WORK REQUIRED:
Output only the lines below from the one holding "Would you be" down to the one holding "泰国宣素那他皇家大学专升本国际专业项目", both end lines included and every picture dropped.

====== EXCERPTED DATA ======

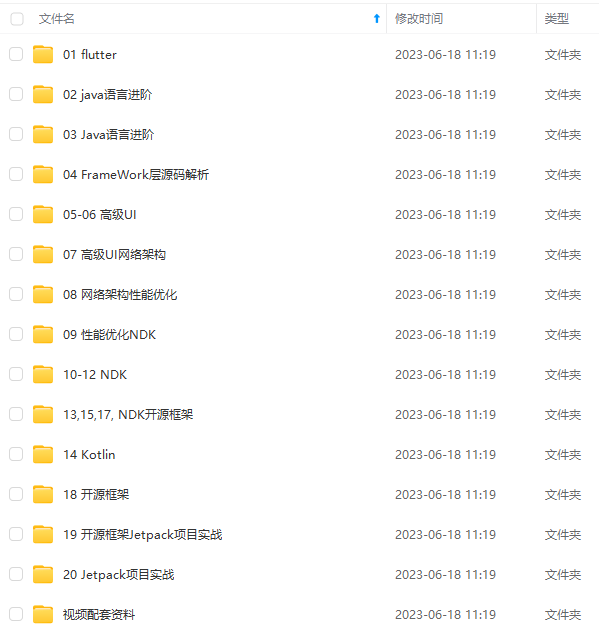 仿淘宝安卓客户端(淘宝官网下载app客户端)-第1张图片-亚星国际官网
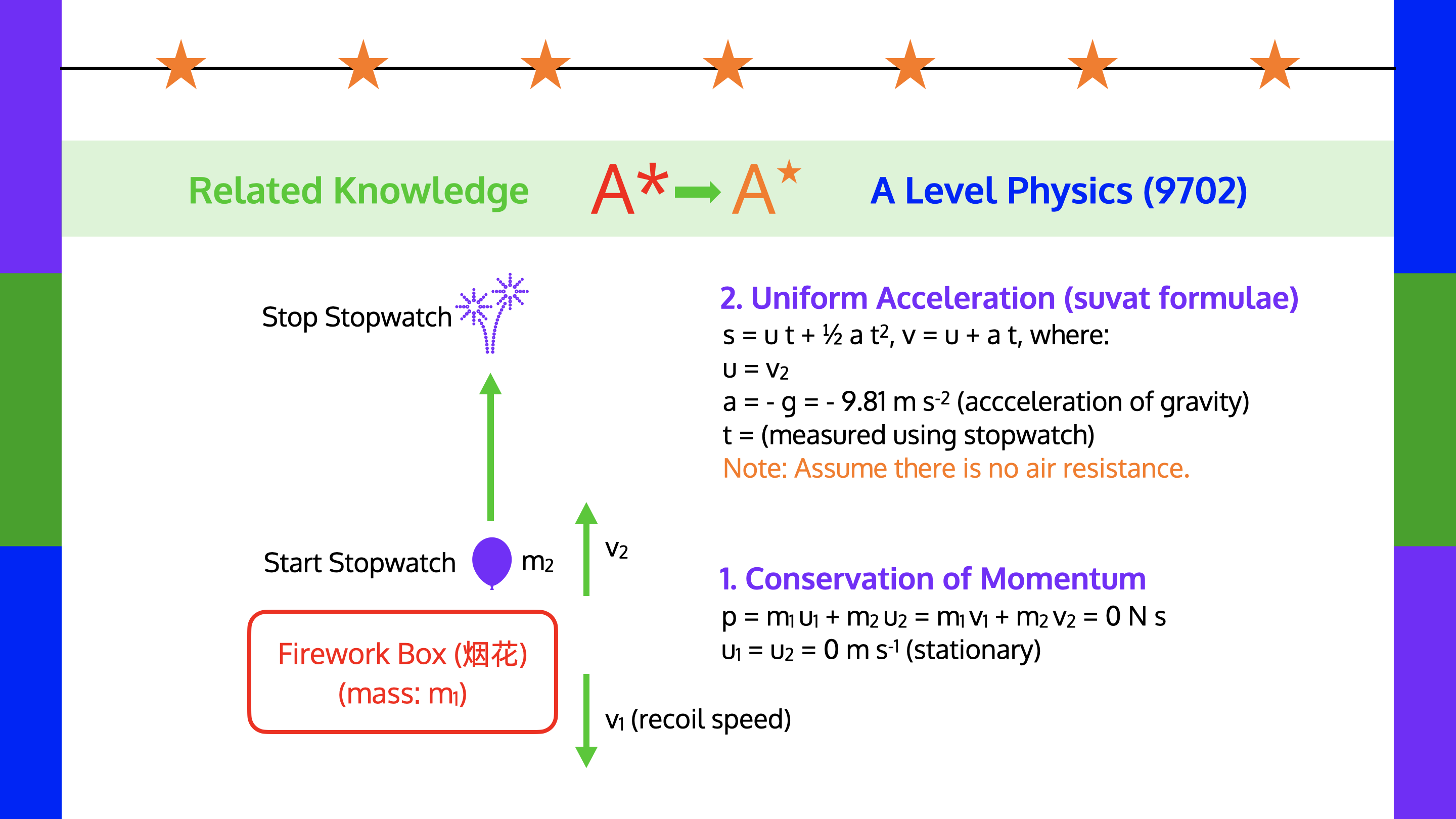 Physics Knowledge of Fireworks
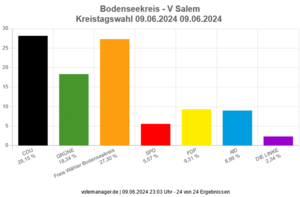 Endergebnis im WK V, die offizielle Grafik des Kommunalen Rechenzentrums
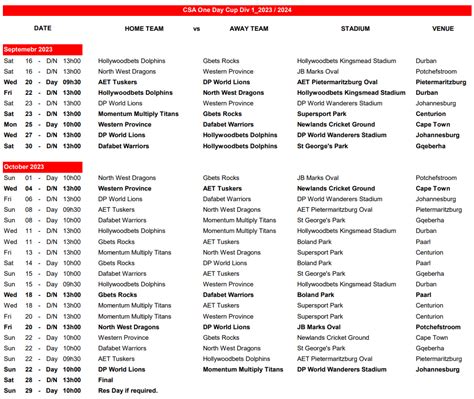 CSA Domestic Cricket 2023/2024 Schedule (Fixtures) Announced (Division ...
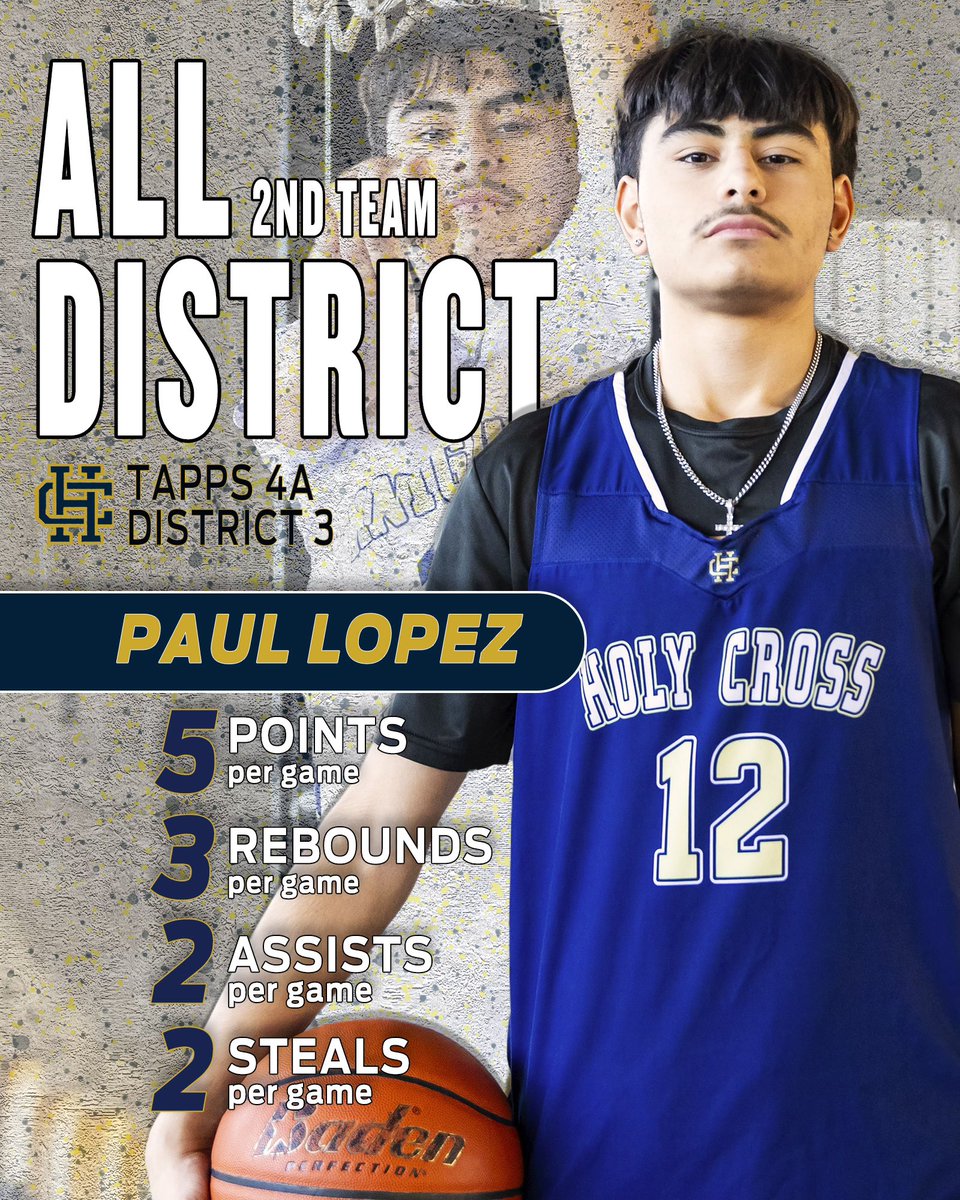Holy Cross Knights Basketball (@hcbasketball426) on Twitter photo Congratulations to Paul Lopez for earning 2nd team all district! Great way to close out your senior basketball season!
<a href="/TXPSbasketball/">Texas Private School Basketball</a> <a href="/TXPSMedia/">Texas Private School Media</a> @TXPS_JacobB Congratulations to Paul Lopez for earning 2nd team all district! Great way to close out your senior basketball season!
<a href="/TXPSbasketball/">Texas Private School Basketball</a> <a href="/TXPSMedia/">Texas Private School Media</a> @TXPS_JacobB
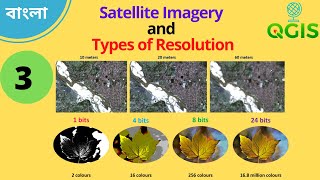 Satellite Imagery and Types of Resolution  Spatial  Temporal  Spectral  Radiometric [upl. by Einittirb173]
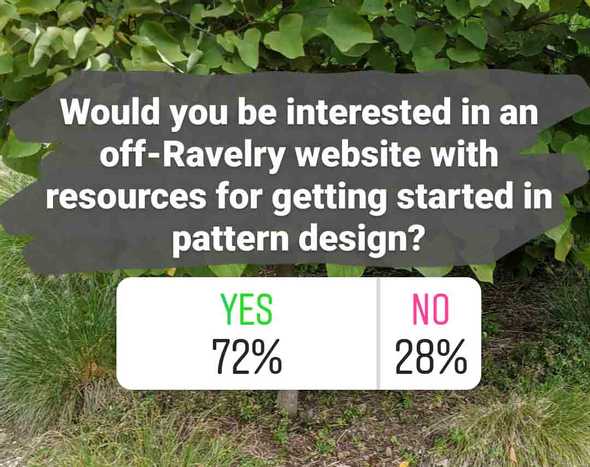 Would you be interested in an off-Ravelry website with resources for getting started in pattern design? 72% vote yes, 28% vote no.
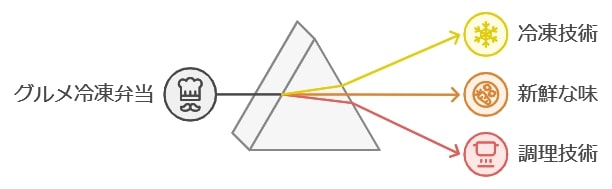 冷凍技術の進化による出来立てに近いおいしさ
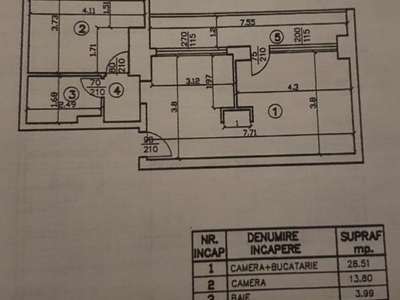 Apartament 2 camere 57mp Bd Unirii / Piata Alba Iulia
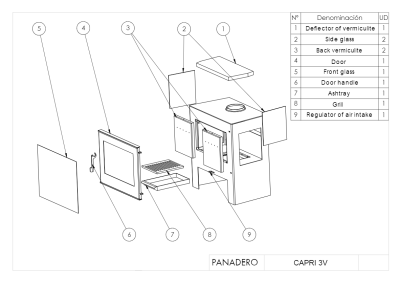  PANADERO Печь-камин CAPRI TRIVISION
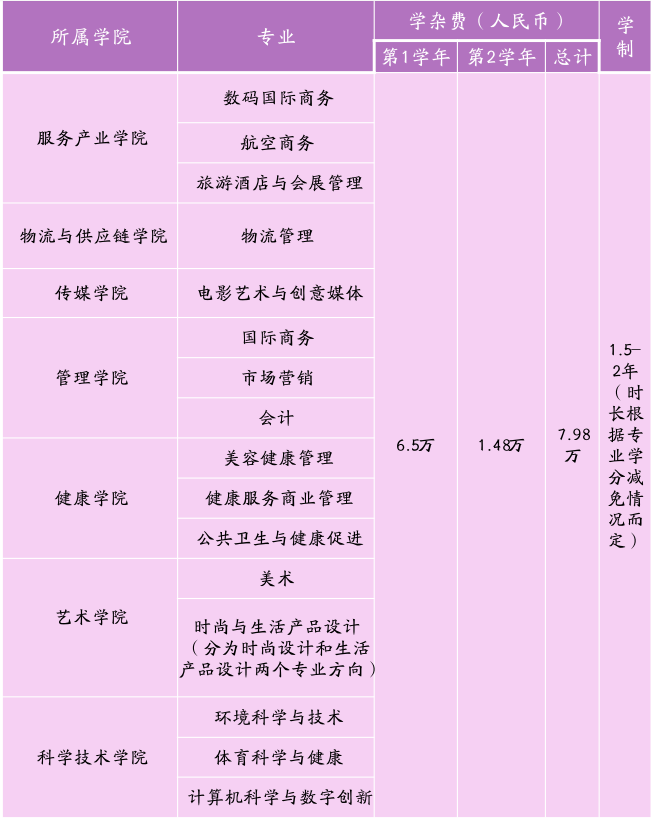 泰国宣素那他皇家大学专升本国际专业项目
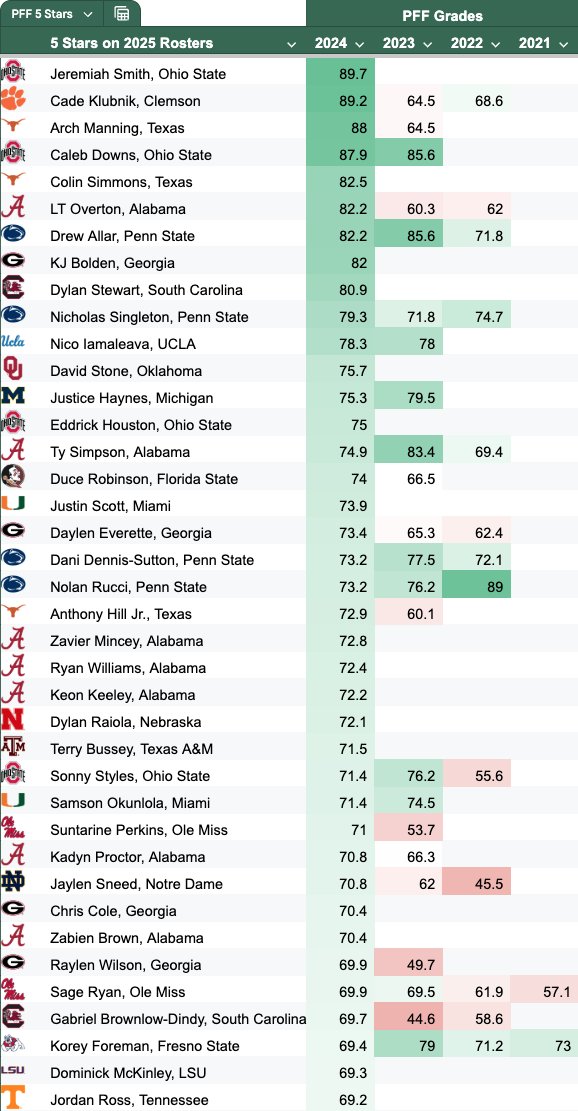 DawgStats (@dawgstats) on Twitter photo Career <a href="/PFF_College/">PFF College</a> Grades for 2025 5 Stars with data collaboration available in the <a href="/CFB_Data/">Bill Radjewski | CollegeFootballData.com</a> community docs.google.com/spreadsheets/d… Career <a href="/PFF_College/">PFF College</a> Grades for 2025 5 Stars with data collaboration available in the <a href="/CFB_Data/">Bill Radjewski | CollegeFootballData.com</a> community docs.google.com/spreadsheets/d…
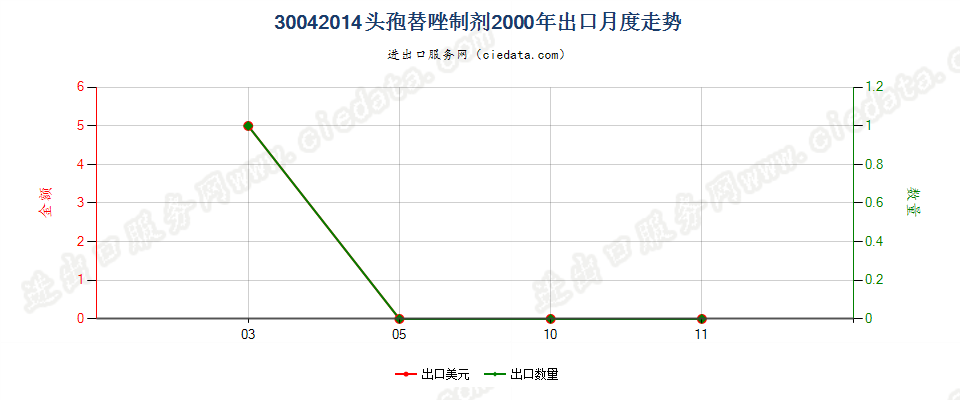 30042014头孢替唑制剂出口2000年月度走势图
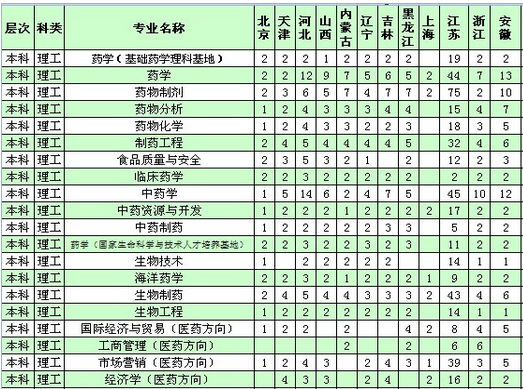 中国药科大学2013年分省分专业招生计划2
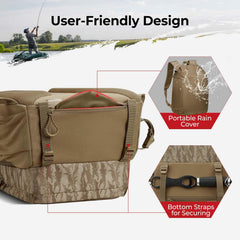 Piscifun fishing tackle backpack MOLLE panel, convenient tool storage at a glance.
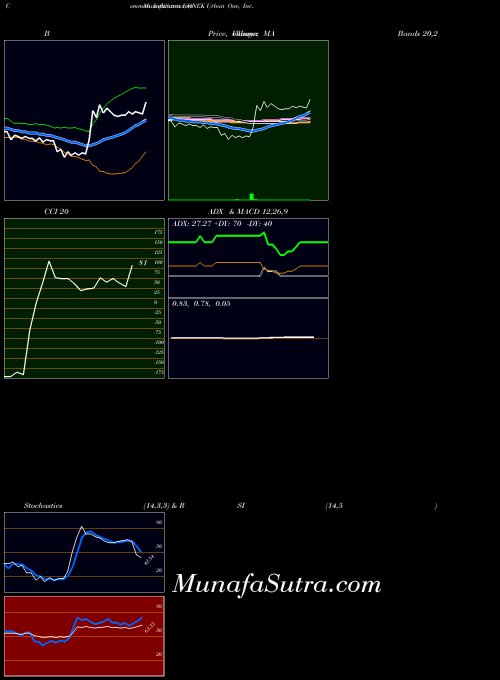 USA Urban One, Inc.  UONEK CCI indicator, Urban One, Inc.  UONEK indicators CCI technical analysis, Urban One, Inc.  UONEK indicators CCI free charts, Urban One, Inc.  UONEK indicators CCI historical values USA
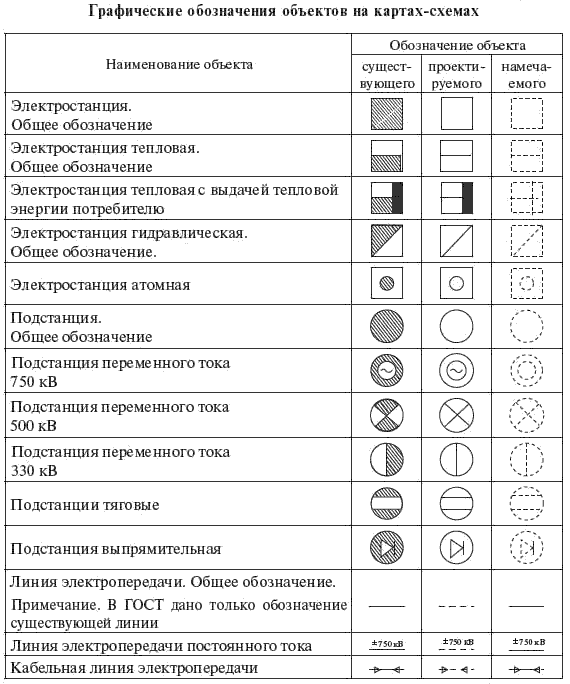 Условное графическое обозначение генератора на схемах электроснабжения имеет вид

======

OUTPUT:
 Would you be interested in an off-Ravelry website with resources for getting started in pattern design? 72% vote yes, 28% vote no.
 冷凍技術の進化による出来立てに近いおいしさ
 Apartament 2 camere 57mp Bd Unirii / Piata Alba Iulia
  PANADERO Печь-камин CAPRI TRIVISION
 泰国宣素那他皇家大学专升本国际专业项目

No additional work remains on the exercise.